Pigeon Point: Staying at the tallest lighthouse on West Coast

By Kevin Smith, Staff Writer

There’s something mystical about lighthouses — something otherworldly in the way they rise up from the ground and cast off their surroundings.

That’s the feeling I got when I stayed at Pigeon Point Lighthouse, the tallest lighthouse on the West Coast. Perched on a cliff 50 miles south of San Francisco, the 115-foot-tall structure has been guiding mariners since 1872.

Now I need to clarify something up front. I didn’t actually stay in the lighthouse. But my wife and daughter and I did stay in the hostel that’s part of Pigeon Point.

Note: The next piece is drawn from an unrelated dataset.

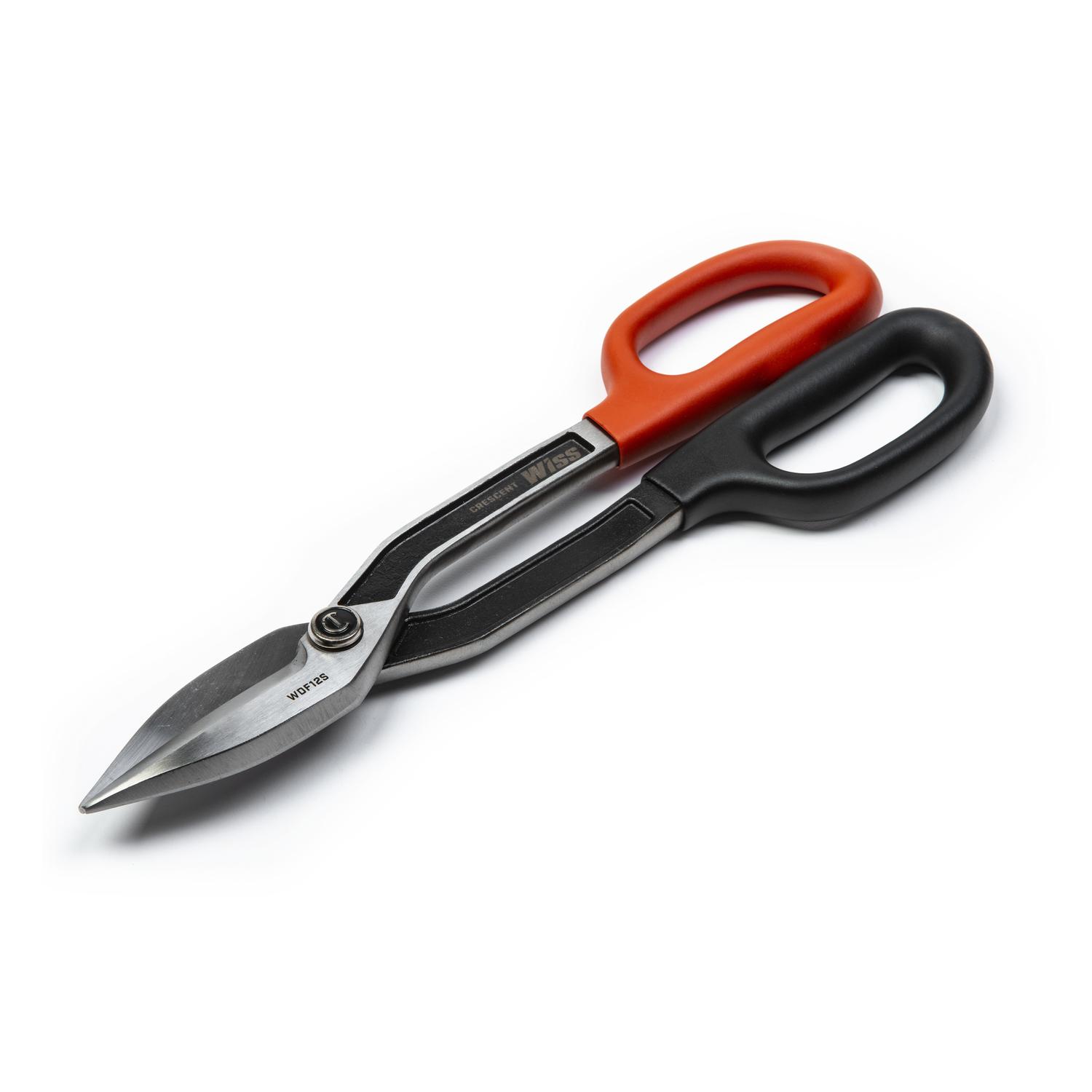 Crescent Wiss 12-1/2 in. Stainless Steel Straight Straight Pattern Snips 20 Ga. 1 pk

And before you run screaming from the room, I want to add yet another clarification: Pigeon Point Lighthouse Hostel bears no resemblance whatsoever to the bleak and blood-soaked torture chamber depicted in the horror movie “Hostel.”

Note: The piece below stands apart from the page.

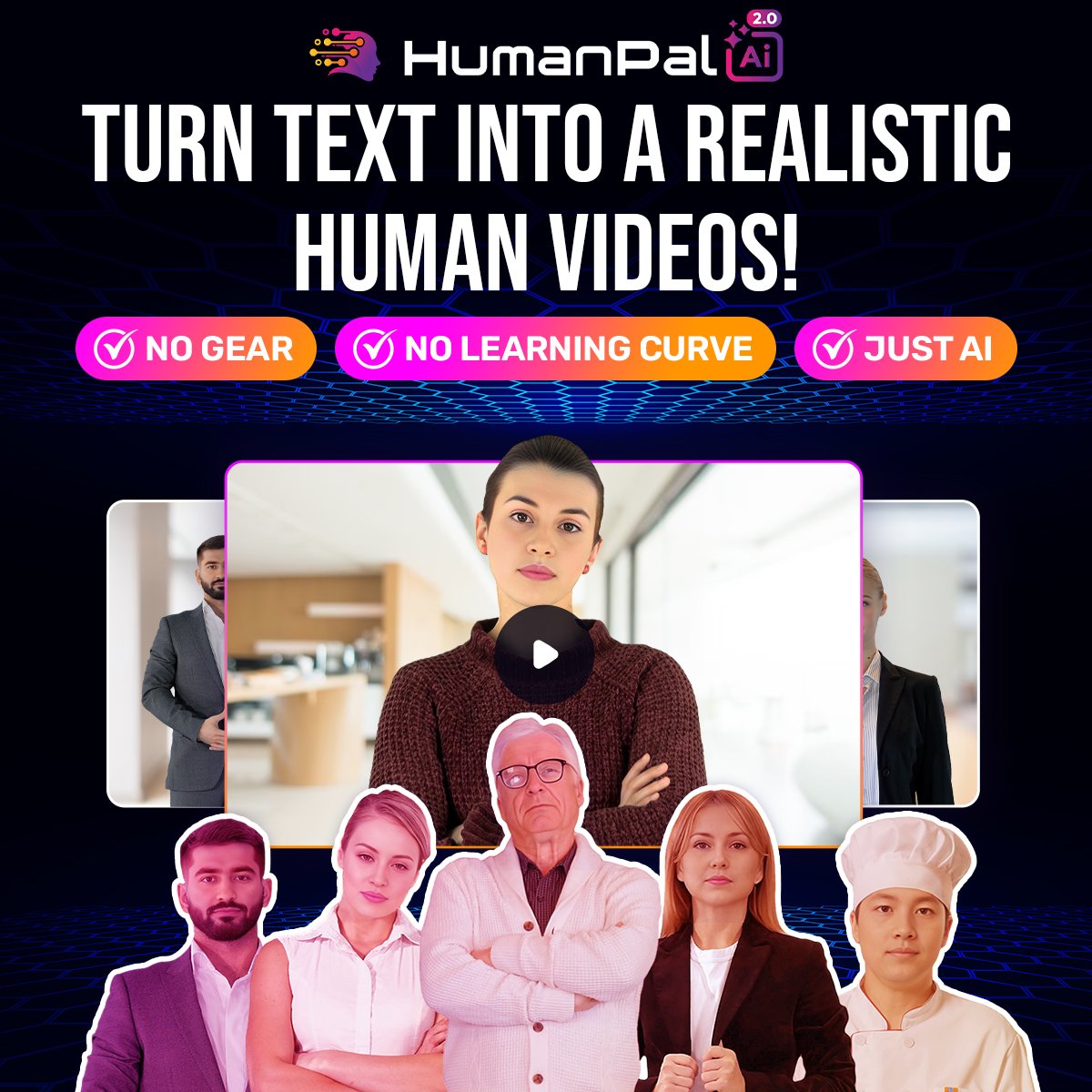 HumanPal Facebook ad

I saw nary a torture session during our stay at Pigeon Point. But abuse of a different kind was underway a little farther south where travelers were forking over nearly $6 a gallon for gas in Big Sur. Ouch!

Pigeon Point has four cheery dorm rooms, four family rooms and four private rooms, with a total of 60 beds.

We had stayed at a couple of other hostels before and we’ll only do it if we can get a private room. I mean, who wants to bunk with Walt, the chatty used car salesman from Cleveland, or Felicia, the overzealous life coach who wants to sell you healing vitamin waters?

Not me, and probably not you, either.